MALDONADO | MARCELO GALLARDO
El pasado viernes por la noche, un operador inmobiliario de José Ignacio, trancó por primera vez las puertas de su camioneta estacionada en el frente de su casa, pero de nada le sirvió.
Luego entró a su vivienda, dejó las llaves encima de la mesa y se fue a dormir como el resto de su familia. A la mañana siguiente, la camioneta Chevrolet D-Max empadronada en Garzón con el B600103, había desaparecido. La falta del coche lo llevó a revisar también el interior de la vivienda.
Así se percató que varios electrodomésticos y otros objetos de valor también habían desaparecido.

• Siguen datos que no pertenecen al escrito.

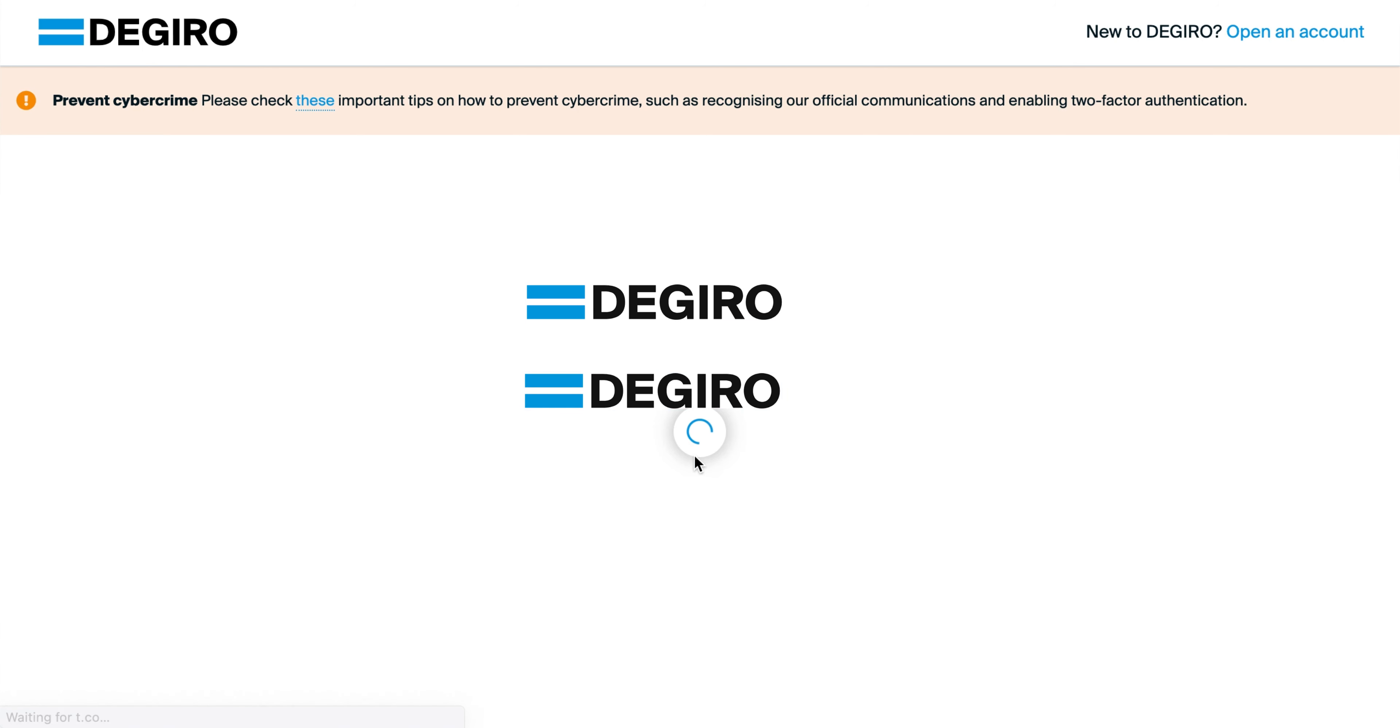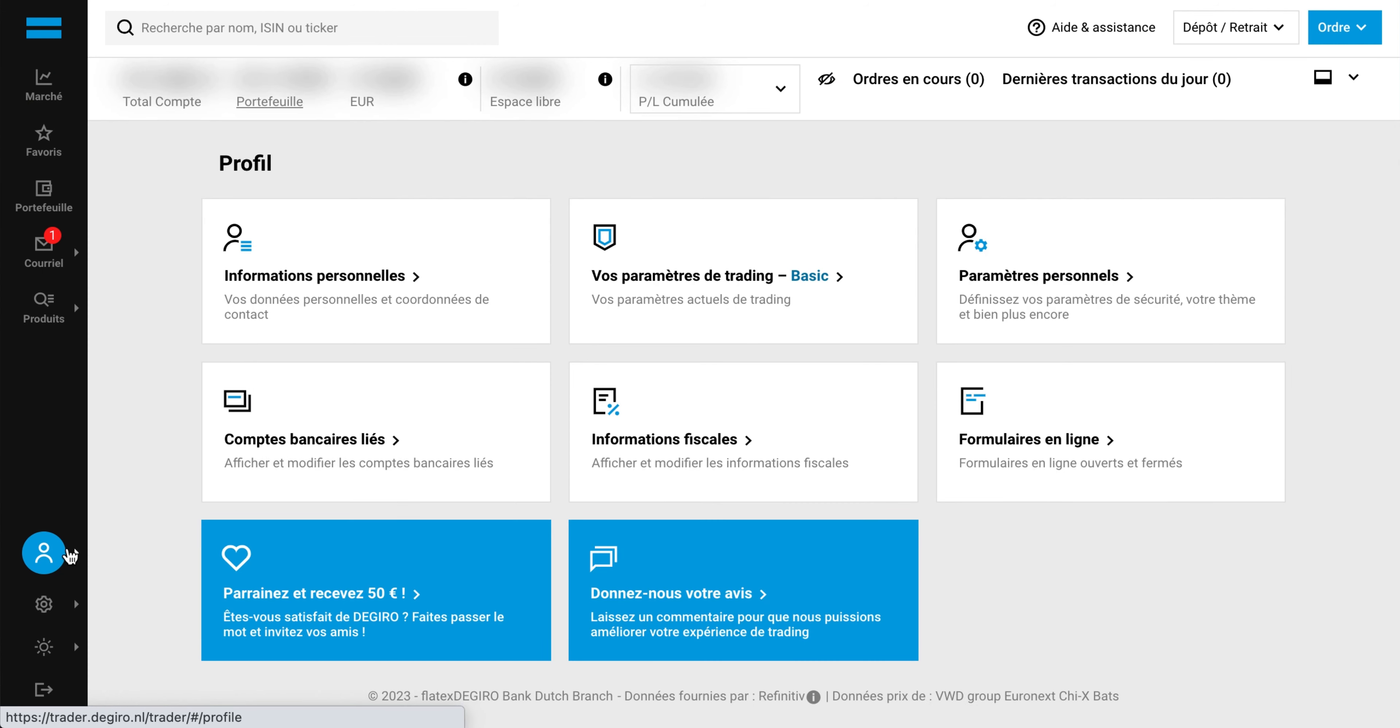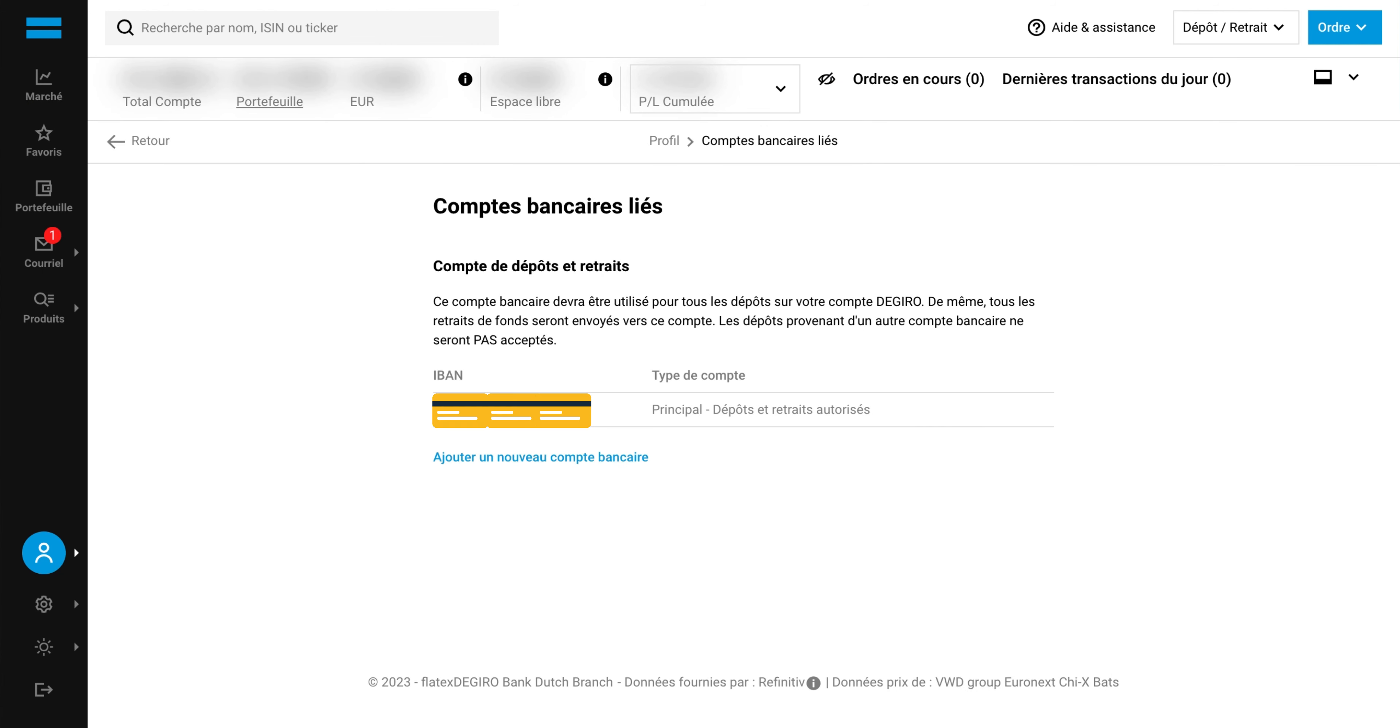Open DeGiro, log in, click on your profile tab, select the linked bank account section.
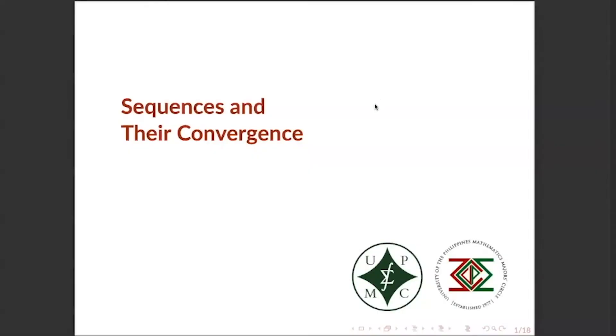Good day! This is the sixth review video for the Math 22 series. In this video, we will be talking about sequences and their convergence. Okay, let's start!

Hasta ayer, no había noticias ni de la camioneta, ni del resto de los efectos sustraídos, entre ellos una valiosa documentación personal que se encontraba en el interior del vehículo.
El hecho disparó las alarmas en todo José Ignacio, un balneario cuyos residentes pretenden mantener su condición de lugar tranquilo y apacible para vivir.
La presidenta de la Liga de José Ignacio, Delfina Linck, expresó a El País la preocupación de los vecinos por lo ocurrido. "Debemos tomar muy en serio esta señal de alerta, además de un refuerzo de la presencia policial tal vez sea necesario instrumentar con los vecinos una red de alerta temprana, preventiva, que colabore con las autoridades policiales para proteger vidas y bienes en José Ignacio, La Juanita y zona de influencia", expresó. El hurto en casas con residentes dentro puede causar situaciones de violencia si los moradores despiertan con delincuentes en el interior.